Universal loss and gain characterization inside photonic integrated circuits

TL;DR

This paper introduces a universal, nondestructive method to measure loss and gain inside photonic integrated circuits using nonlinear optical devices, significantly improving characterization precision and aiding complex circuit optimization.

Contribution

The authors present a novel technique leveraging nonlinear optical devices to nondestructively characterize loss and gain at the component level within PICs, with high precision and broad applicability.

Findings

Achieved measurement precision better than 0.1 dB.

Successfully characterized loss of fiber-chip coupling and unknown devices.

Demonstrated measurement of quantum efficiency in a quantum PIC.

Abstract

Integrated photonics has undergone tremendous development in the past few decades, transforming many fields of study in science and technology. Loss and gain are two fundamental elements in photonic circuits and have direct impacts on nearly all key performance metrics. Surprisingly, the tools to characterize the optical loss and gain inside photonic integrated circuits (PICs) are very limited.

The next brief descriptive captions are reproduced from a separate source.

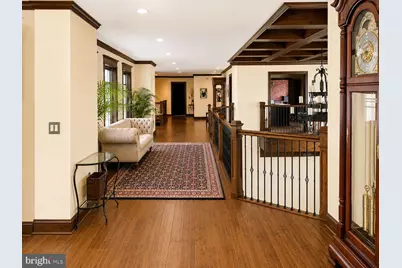 24730 Half Pone Point Road, Hollywood, MD 20636 - Photo 30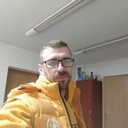   ,   , 37 ,     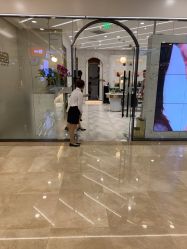 -梵创造型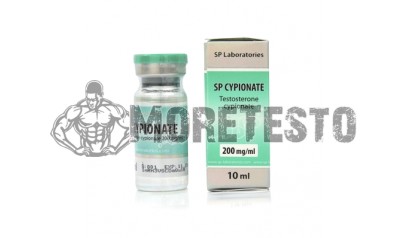 Купить ципионат от СП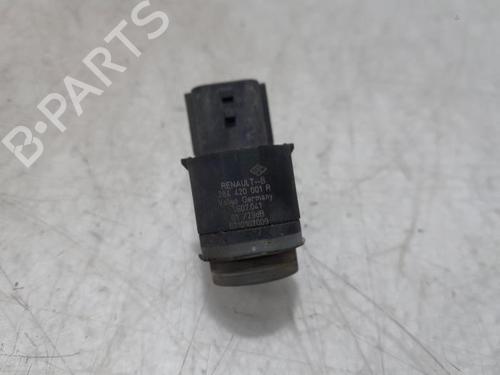 Electronic sensor RENAULT SCÉNIC III (JZ0/1_) 1.5 dCi | BP31417070M84 - Image 10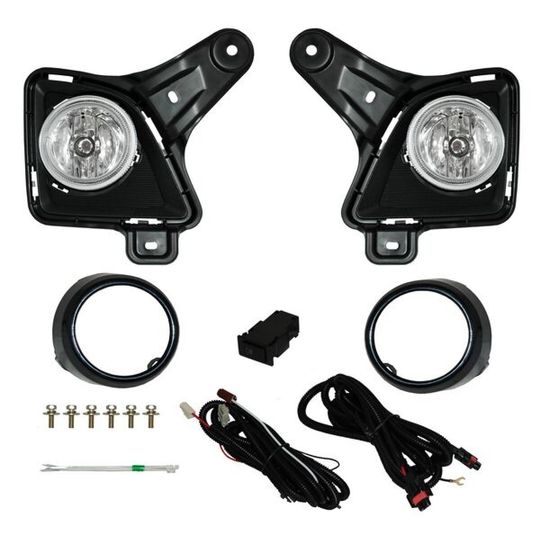 generica-juego-de-faros-para-niebla-c-parrilla-toyota-hiace-2006-2010-hiace-0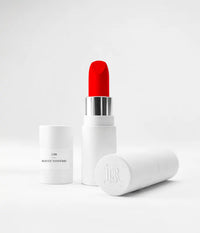 Le sérum rouge matte - Rouge Vendôme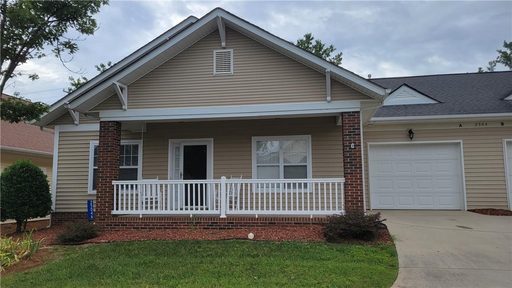 2504 Countryside Lane A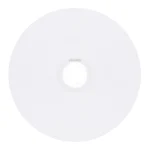 Philips Εγγράψιμα DVD+R 8x Dual Layer 8.5GB Cake Box 25τμχ DR8I8B25F/00 - Image 4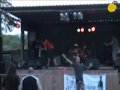 Hesus Attor @ 1.Istra Rock Festival Hesus Attor @ 1.Istra Rock Festival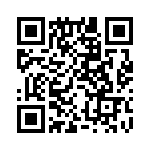 ER1025-70JP QRCode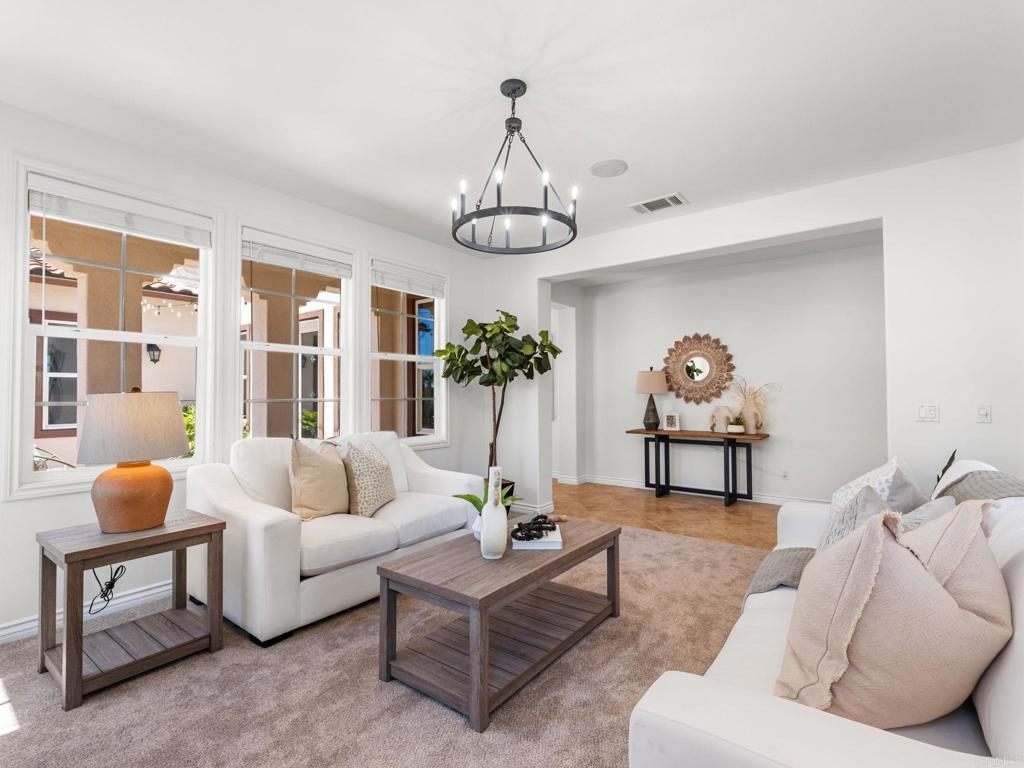 1273 Holmgrove Drive - photo 11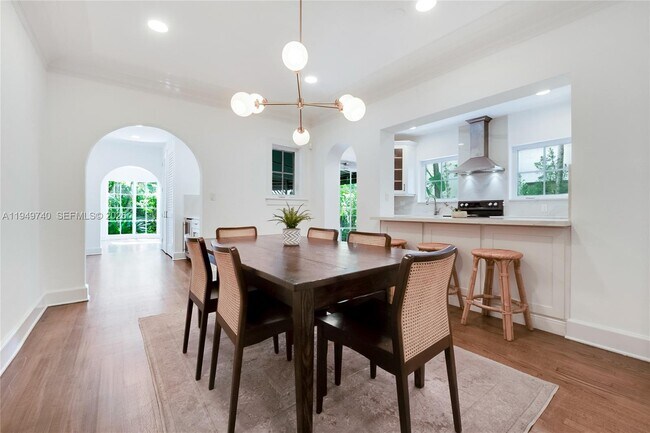 Photo - 512 Majorca Ave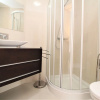 Отель Living Apartment With Private Pool, Jacuzzi and Gym, фото 6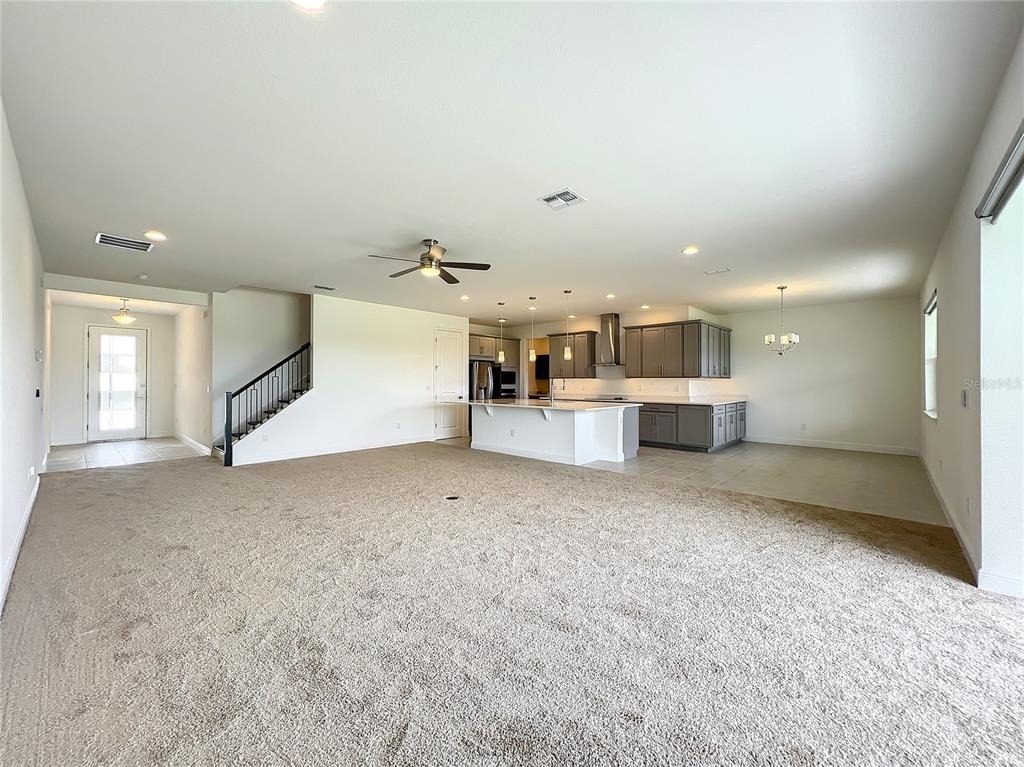 4379 Renly Lane - Photo 29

This is because, unlike free-space or fiber optics, integrated circuits cannot be nondestructively disassembled. Here, we report a universal method to see inside the photonic integrated circuits and measure loss and gain on the component level nondestructively. The method leverages nonlinear optical devices as optical power discriminators to retrieve the loss and gain information inside the PICs. Our method has a precision better than 0.1 dB, and can characterize the loss of individual fiber-chip coupling facet and general unknown devices under test. As a demonstration of applications, we measured the true on-chip quantum efficiency of a quantum PIC consisting of heterogeneously integrated balanced photodiodes, a critical building block for integrated quantum technology. Our method can be implemented on different photonic platforms, and can be used to understand gain and loss in complex photonic circuits, which is essential to optimize circuit design and to create large-scale systems with predictable, reproducible performance.